• [Try it]: Leaving out every picture, please repeat exactly the line that contains "- gaming monitor" and each line after it through the final line below.

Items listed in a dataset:
━━━
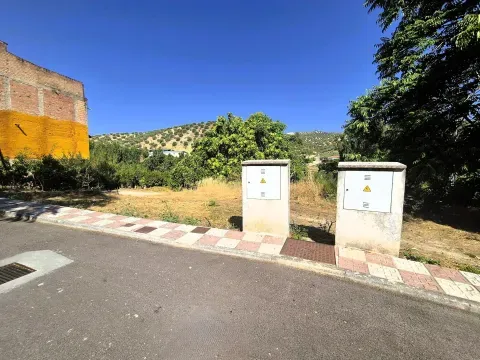 Terreno Urbano en Venta en Algarinejo, Granada | 500 m² - foto 8 de 10 (Algarinejo)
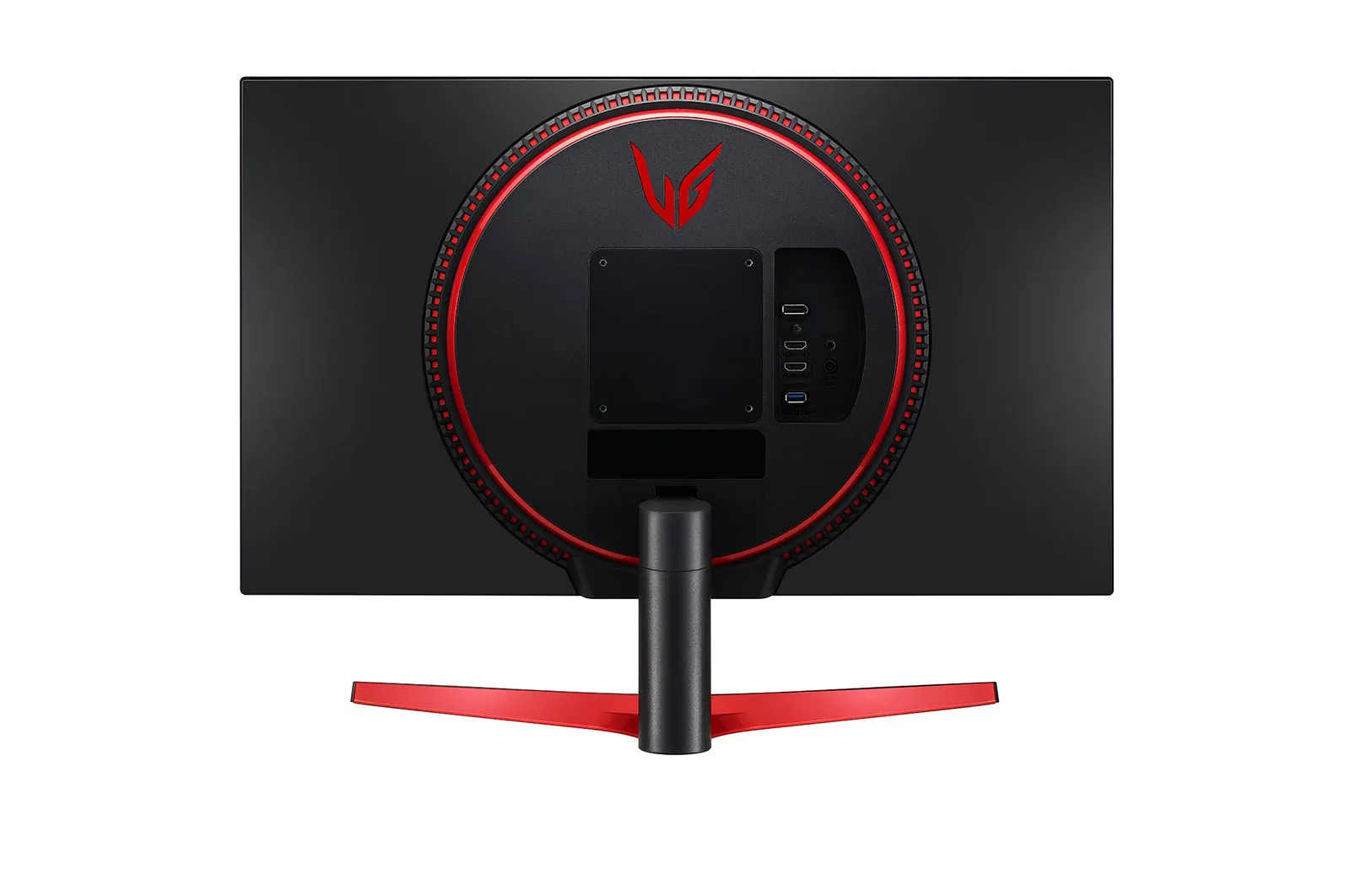 LG 27" UltraGear 27GN800-B, QHD, IPS - gaming monitor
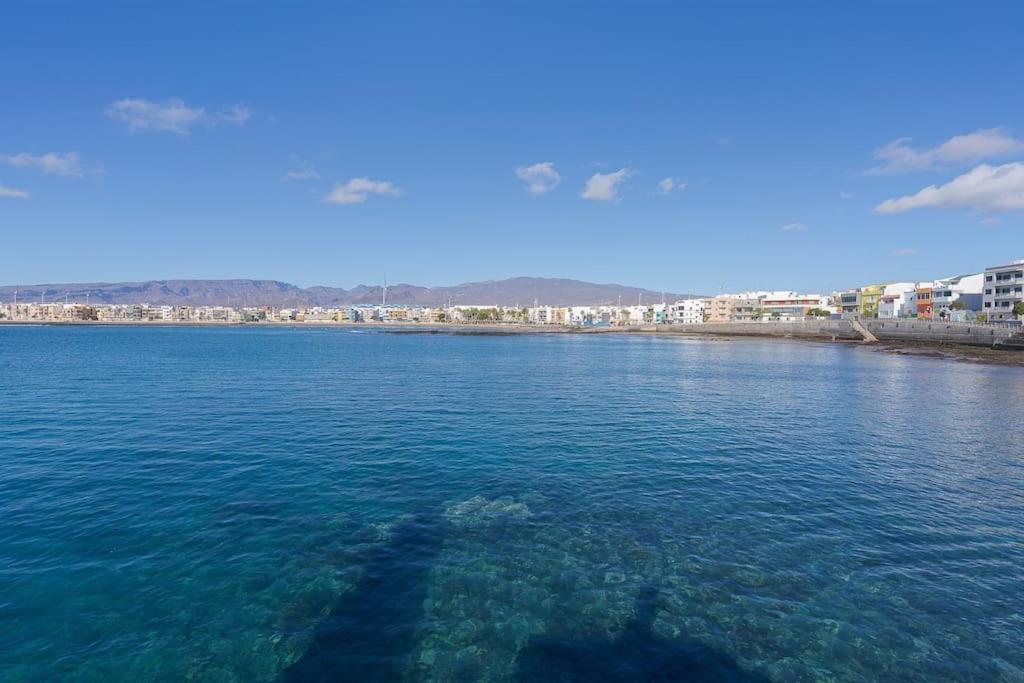 Las Afortunadas - Playa Arinaga 1ºc Zewnętrze zdjęcie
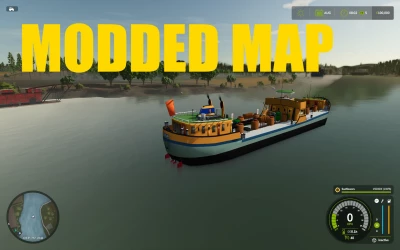 MODIFIED MAP v1.0.0.0
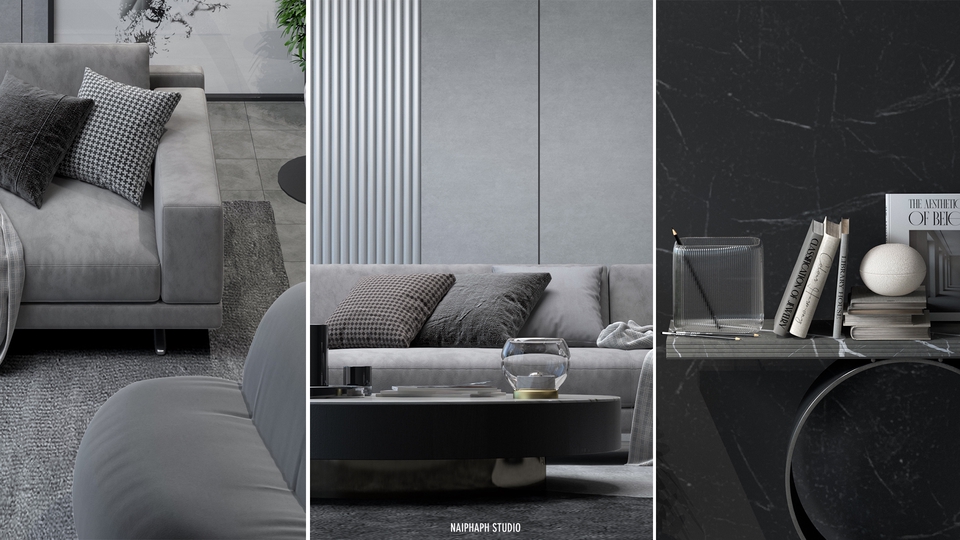 3D Perspective - 3D Visualization for Interior Exterior and 3D Animation - 6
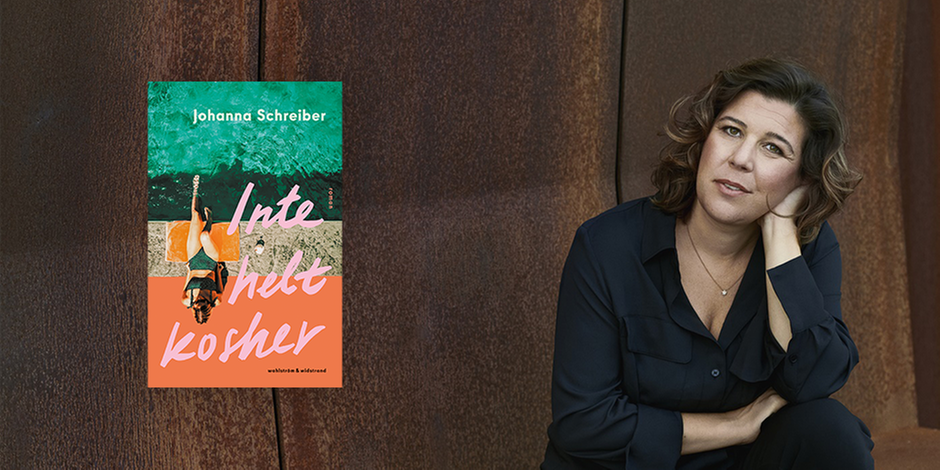 Johanna Schreiber. Bild: LIdingö stadsbibliotek
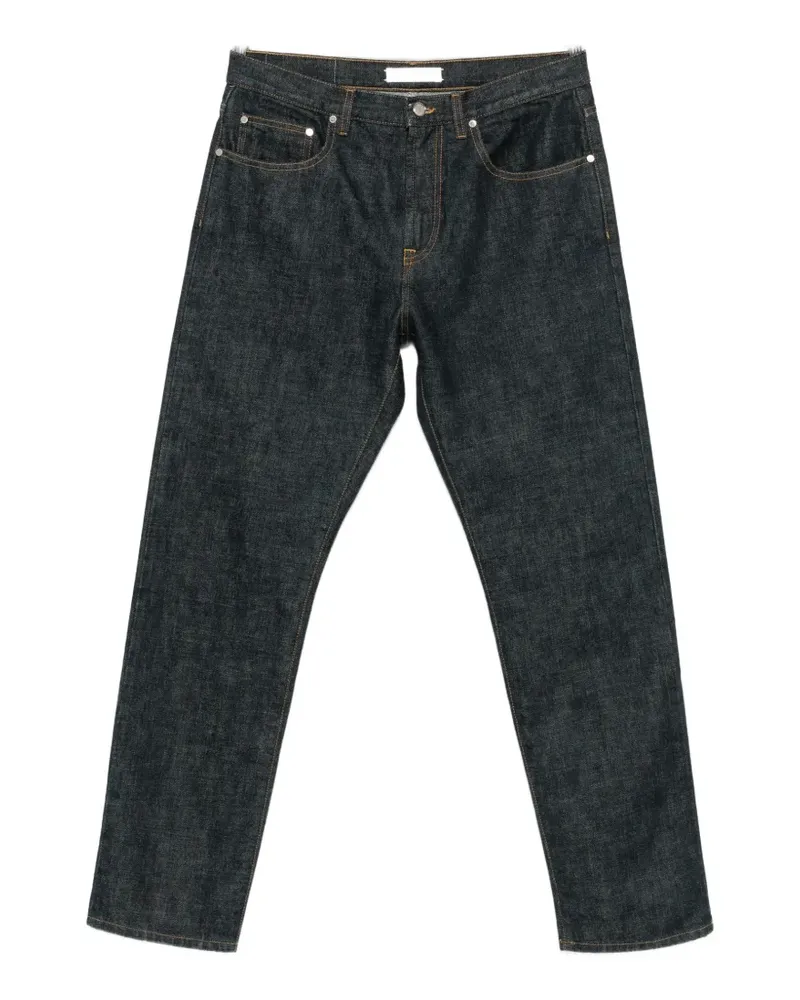Umit Benan Kevin straight-leg jeans - Blau Blau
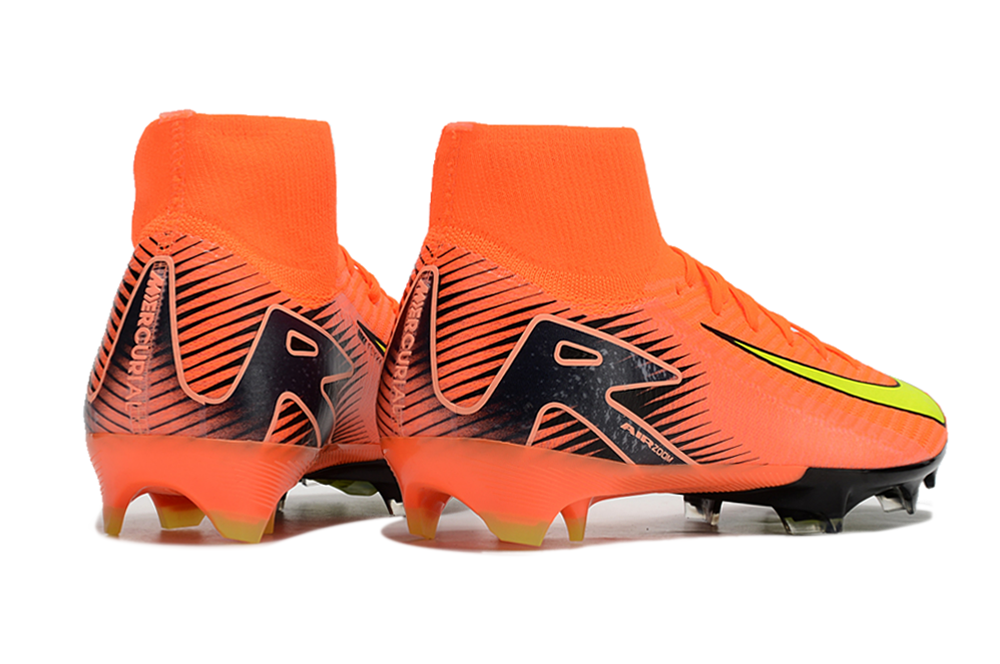 Nike Air Zoom Superfly 10 Elite FG - Laranja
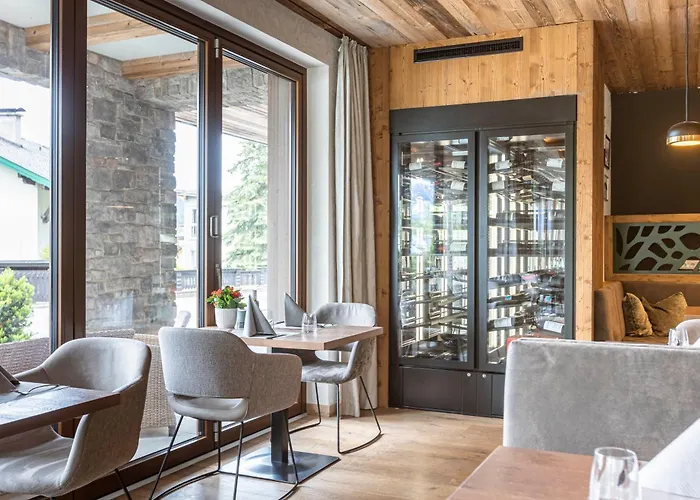 Bergresort Zugspitze By Alps Hotel 4*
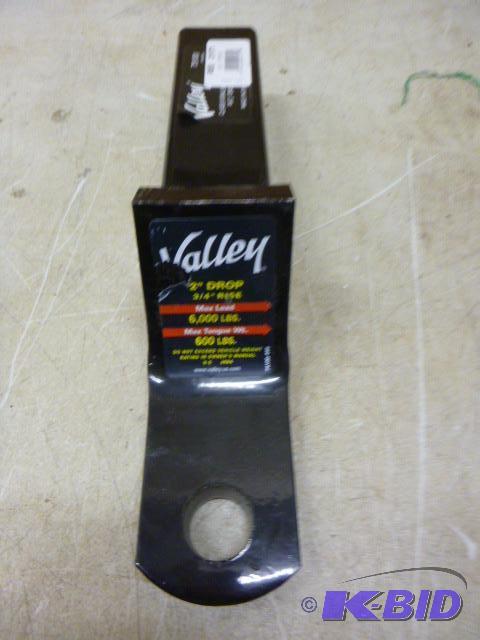 lot 29 image: Valley Receiver Hitch 2" drop....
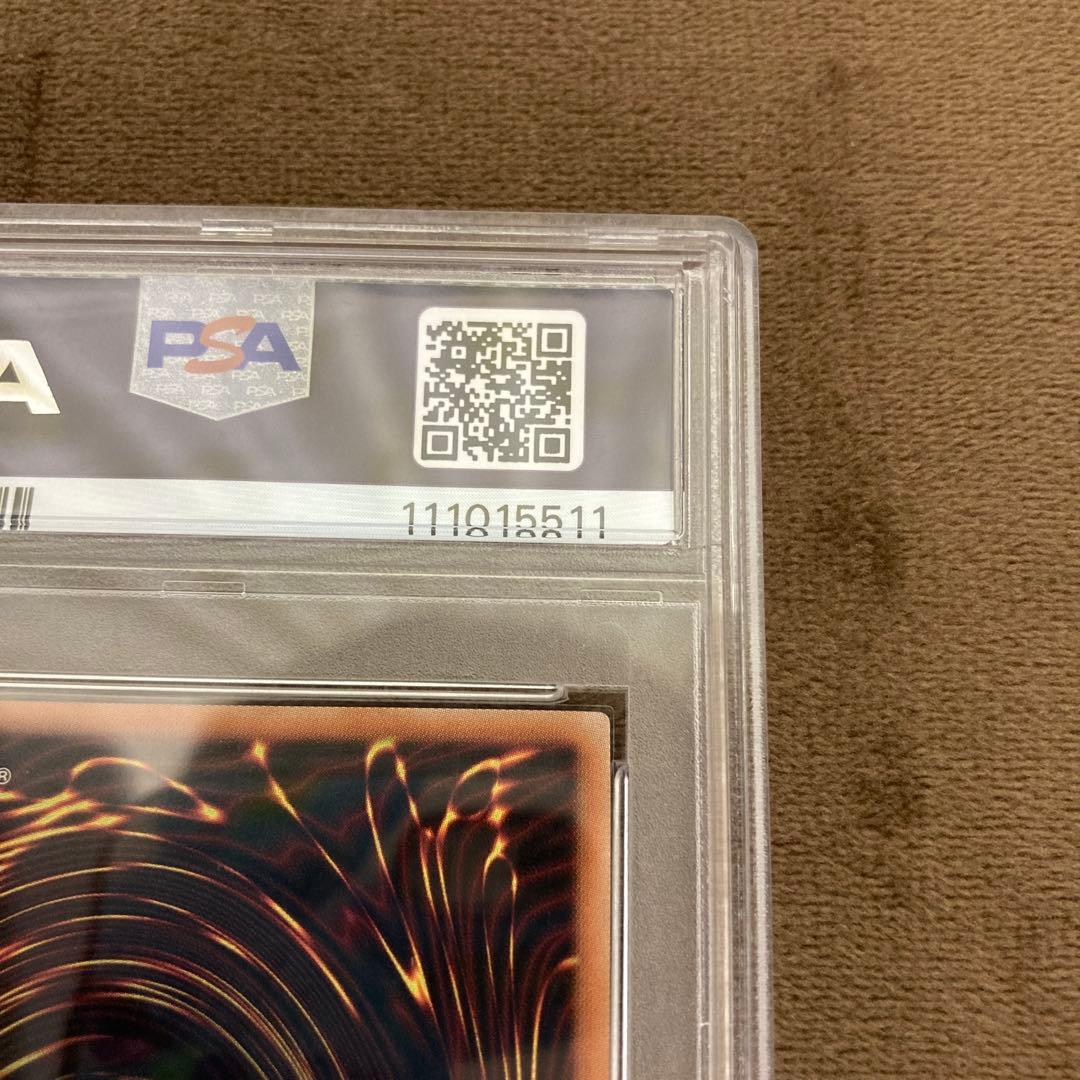 極美品！遊戯王 万物創世龍 日本語版 PSA10 イグニッションアサルト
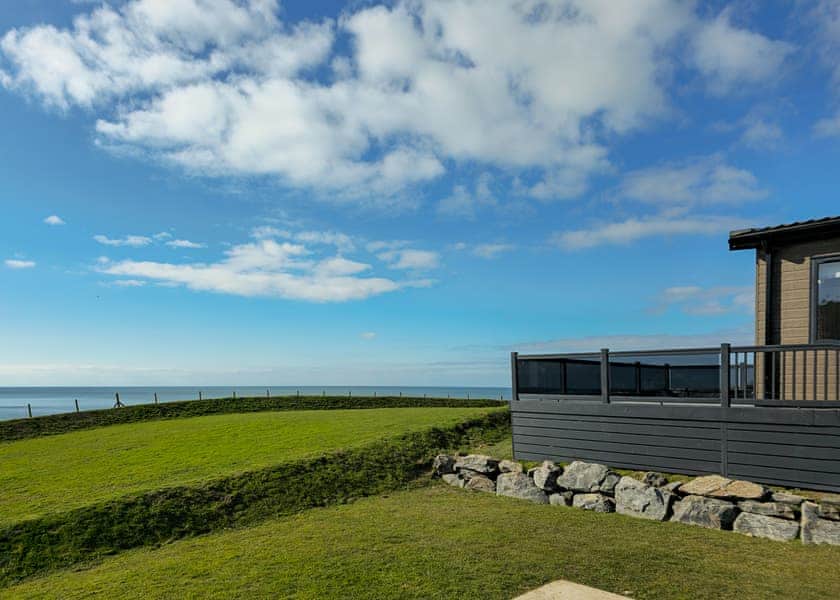 Aber Bay Holiday Park, Clarach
━━━
• [Completed exercise]:
 LG 27" UltraGear 27GN800-B, QHD, IPS - gaming monitor
 Las Afortunadas - Playa Arinaga 1ºc Zewnętrze zdjęcie
 MODIFIED MAP v1.0.0.0
 3D Perspective - 3D Visualization for Interior Exterior and 3D Animation - 6
 Johanna Schreiber. Bild: LIdingö stadsbibliotek
Umit Benan Kevin straight-leg jeans - Blau Blau
 Nike Air Zoom Superfly 10 Elite FG - Laranja
 Bergresort Zugspitze By Alps Hotel 4*
 lot 29 image: Valley Receiver Hitch 2" drop....
 極美品！遊戯王 万物創世龍 日本語版 PSA10 イグニッションアサルト
 Aber Bay Holiday Park, Clarach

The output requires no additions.